INFORMATION PROVIDED:
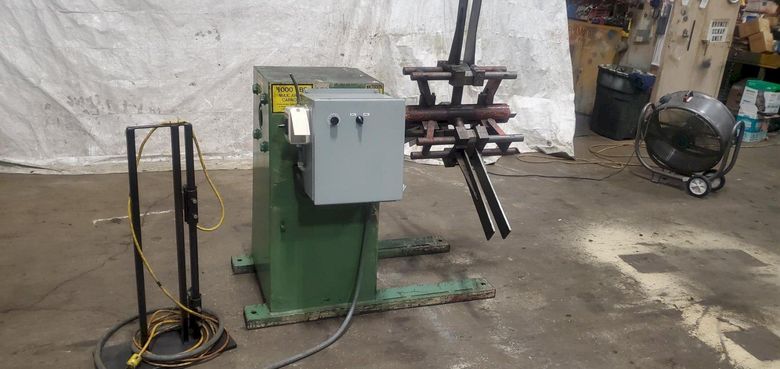 4000 LB X 20" DURANT MOTORIZED UNCOILER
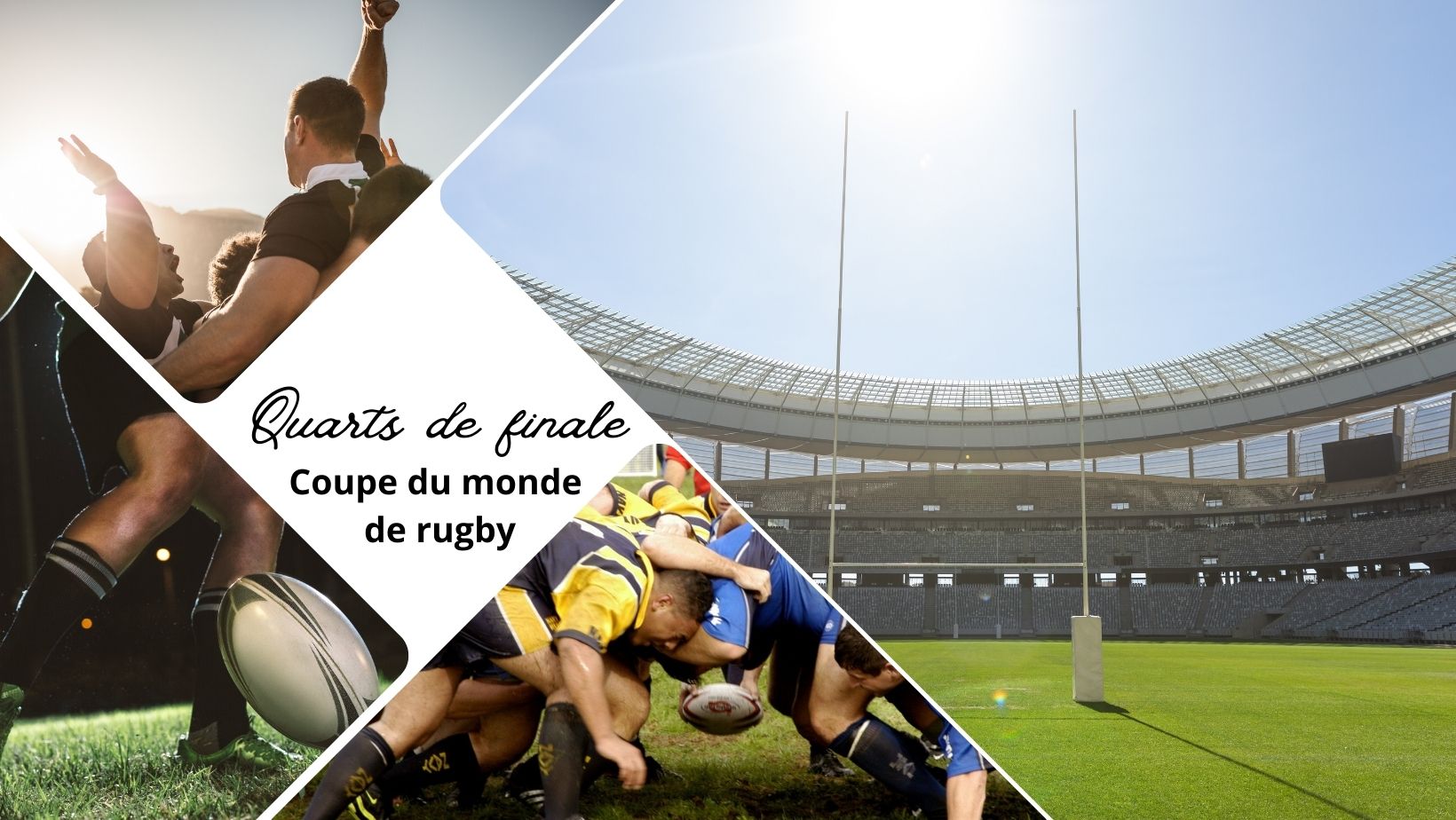 La Ville de Lyon propose des retransmissions des 1/4 de finale de la Coupe du Monde de Rugby au Palais des Sports de Lyon-Gerland !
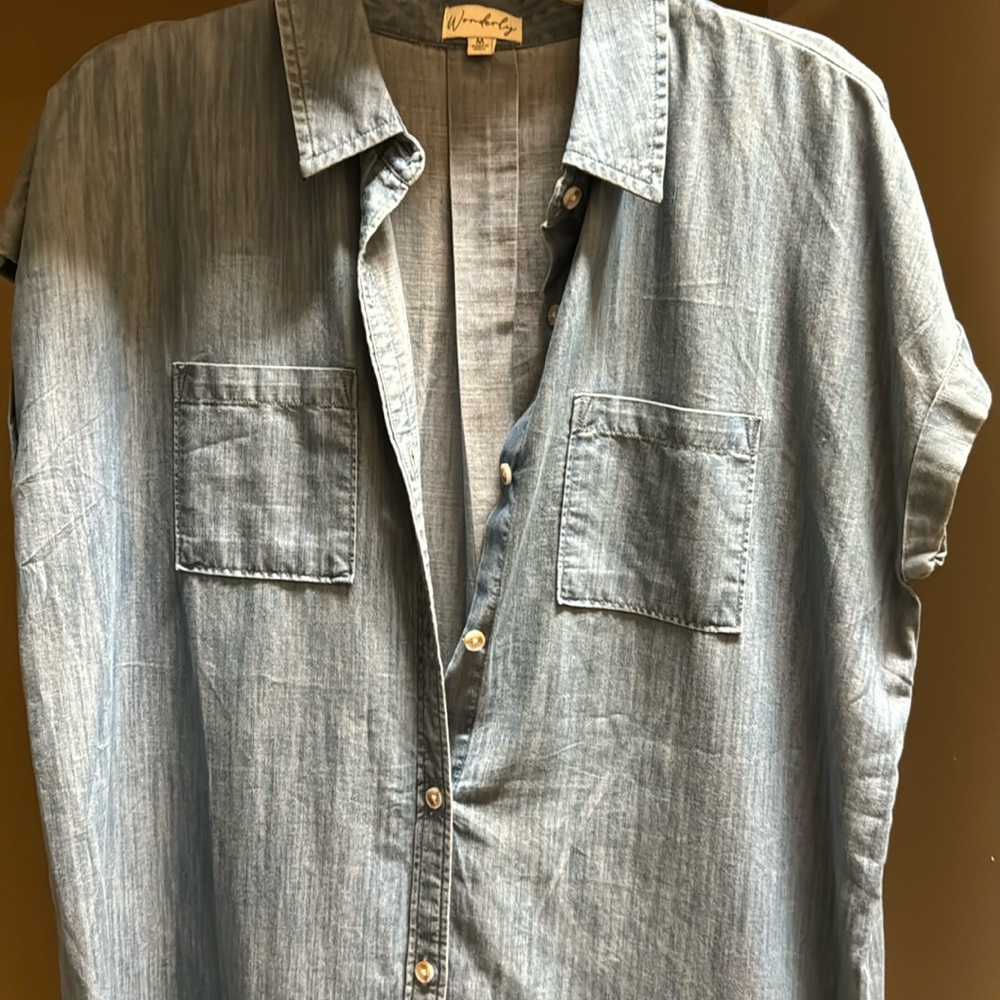 Soft jeans dress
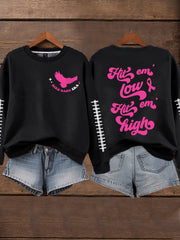 Women's Breast Cancer Awareness Month Football Fans Sweatshirt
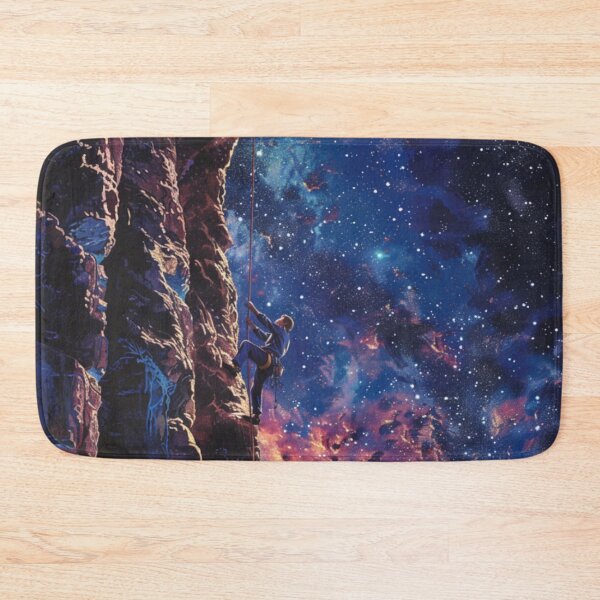 Item preview,  Climber tackling challenging route cosmic sky Active Outdoors Inspired Art designed and sold by CDC40.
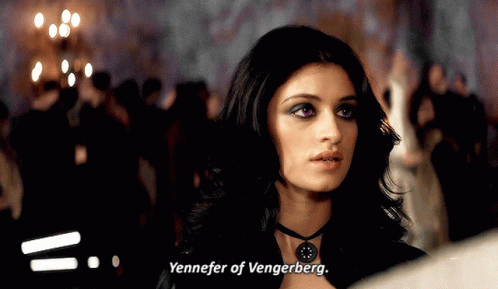 Anya Chalotra The Witcher GIF - AnyaChalotra TheWitcher Yennefer class=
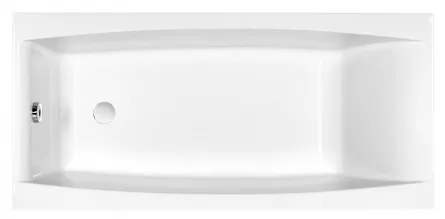 Cada rectangulara VIRGO 160 x 75 cm, acril, alb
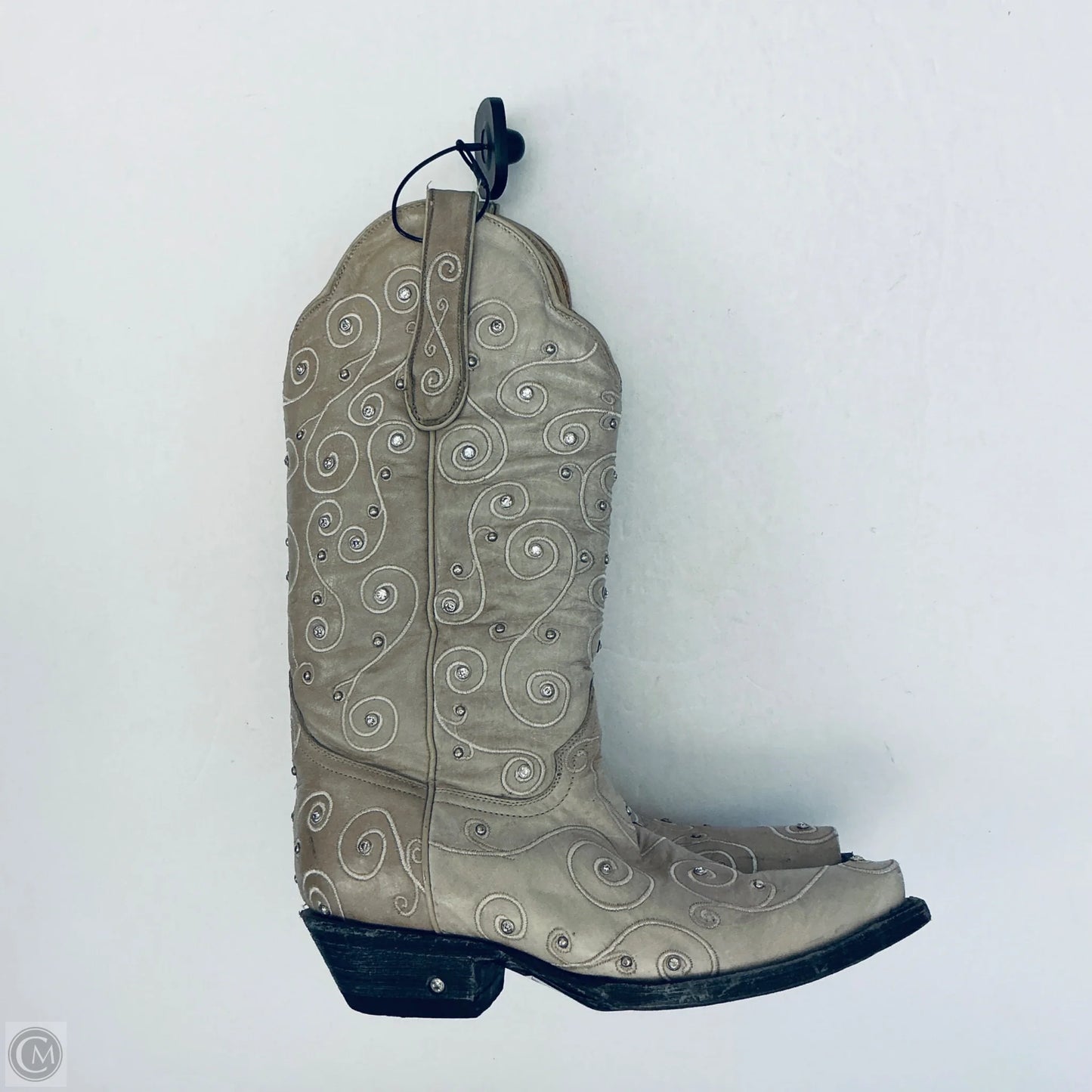 Boots Western By Clothes Mentor In Beige, Size: 6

TASK INSTRUCTIONS:
Above are the records; repeat them all exactly, without the pictures.

ANSWER TO THE PROBLEM:
 4000 LB X 20" DURANT MOTORIZED UNCOILER
 La Ville de Lyon propose des retransmissions des 1/4 de finale de la Coupe du Monde de Rugby au Palais des Sports de Lyon-Gerland !
 Soft jeans dress
 Women's Breast Cancer Awareness Month Football Fans Sweatshirt
 Item preview,  Climber tackling challenging route cosmic sky Active Outdoors Inspired Art designed and sold by CDC40.
 Anya Chalotra The Witcher GIF - AnyaChalotra TheWitcher Yennefer class=
 Cada rectangulara VIRGO 160 x 75 cm, acril, alb
 Boots Western By Clothes Mentor In Beige, Size: 6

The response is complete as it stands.